Leaders are worried about many valid concerns. Am I going to meet payroll next month? Am I going to hit my numbers? Are my investors going to pull out? Are they going to fire me? I have to fire my co-founder. I hate my co-founder.

There’s a lot of stress in thinking about all these kinds of things. Whatever their response is, they’re going to be stressed out. And it’s going to manifest itself. They become short-tempered with people. They don’t sleep, go to the gym, and sleep well. They drink more and do drugs. And this is only when they start to see it. Their behaviour starts to change, and it goes in that direction.

Though Paul’s not an expert in it, he doesn’t see that kind of response as much among women.

 

How Talking to Fellow Founders Help

The first thing that Paul recommends to people who are feeling stressed out is to talk to other founders. And this is especially true for first-time founders.

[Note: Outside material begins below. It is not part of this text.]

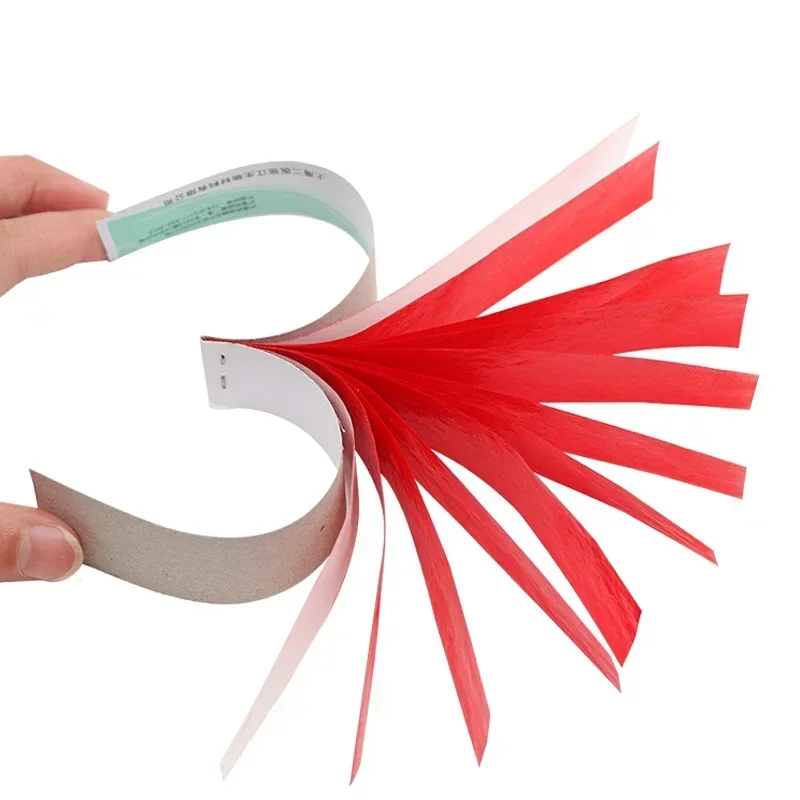 

Dental Materials Bite Red or Blue Paper Strips 1 Box Lab Product Whitening Teeth Oral Care Tools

No matter what business school they attend, books they read, or stories they hear won’t prepare them for the shock of how difficult and stressful it can be.

The people who can help them the most may not be their partner at home, their parents, or their investor (though investors are now getting better at it) — it’s the people who have gone through it before.

These are the people who will know and hear them out. They will give a pat on the back and talk it through. Almost all founders who have been through it are happy to talk to first-time ones going through it because they know. They know trying to do something great and change the world is difficult. They will offer to hold their fellow founders’ hands and help them out.

This is the first step. And sometimes, it’s enough for founders to know that other people like them feel the same thing they’re feeling — that they’re not weird and alone.